* _What to do_
When you reach the line in the data below that contains "Rare Anasazi Black-on-White", please start repeating lines exactly, and stop after the line that contains "Milo Boot | Apple", repeating nothing else.

##### Provided information

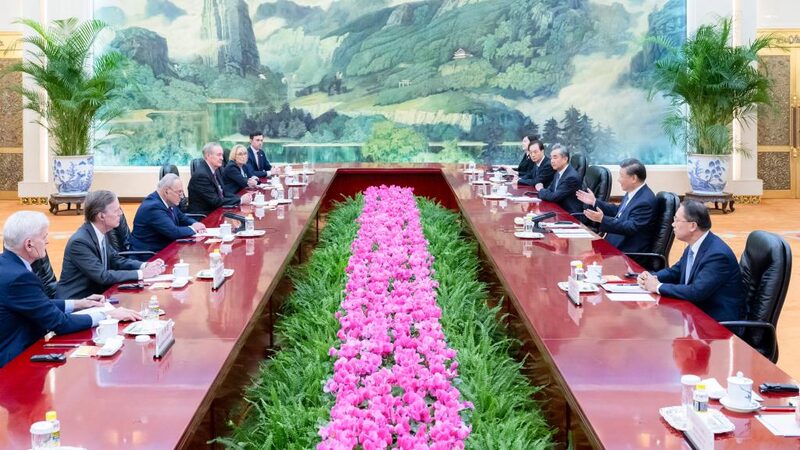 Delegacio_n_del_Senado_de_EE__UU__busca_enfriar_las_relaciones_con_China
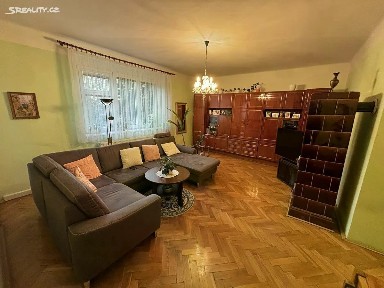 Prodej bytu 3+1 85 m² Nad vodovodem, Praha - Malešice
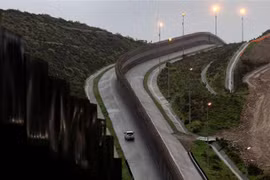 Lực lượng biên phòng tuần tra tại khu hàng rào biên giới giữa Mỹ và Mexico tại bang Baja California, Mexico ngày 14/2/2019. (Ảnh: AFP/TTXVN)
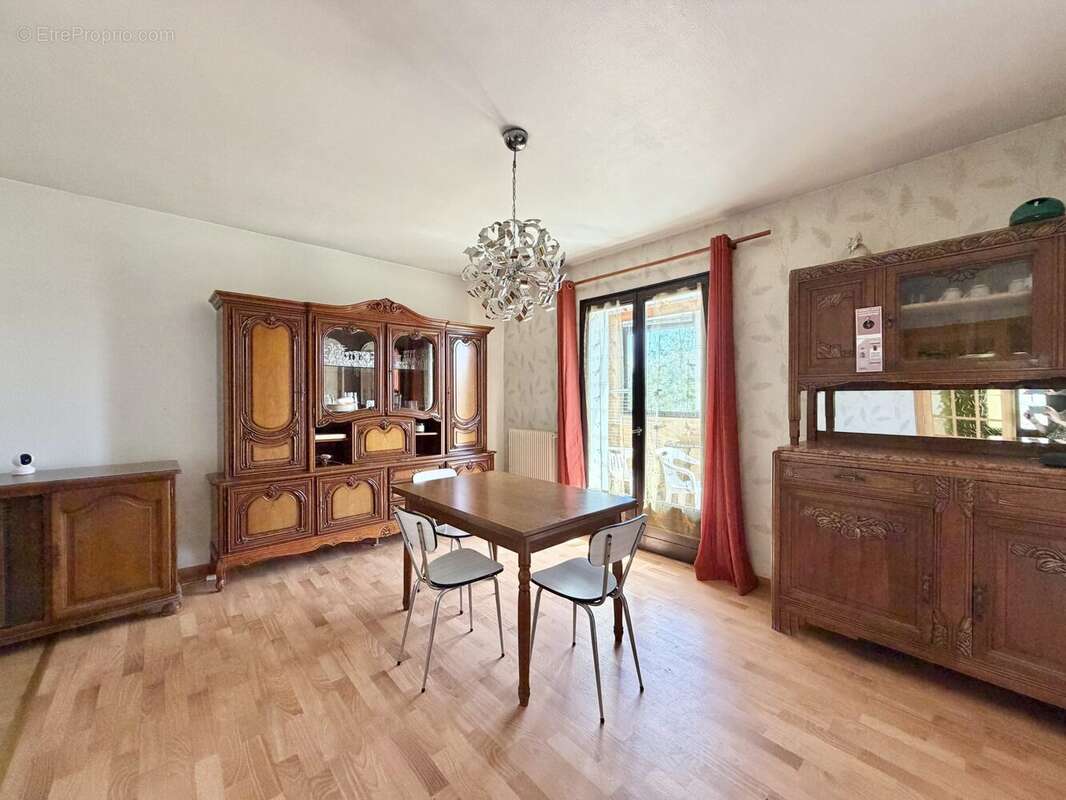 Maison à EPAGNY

##########
##### Provided information

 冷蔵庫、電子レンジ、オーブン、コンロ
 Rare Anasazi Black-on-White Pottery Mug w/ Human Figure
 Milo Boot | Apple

##########

* _Written answer_
 Rare Anasazi Black-on-White Pottery Mug w/ Human Figure
 Milo Boot | Apple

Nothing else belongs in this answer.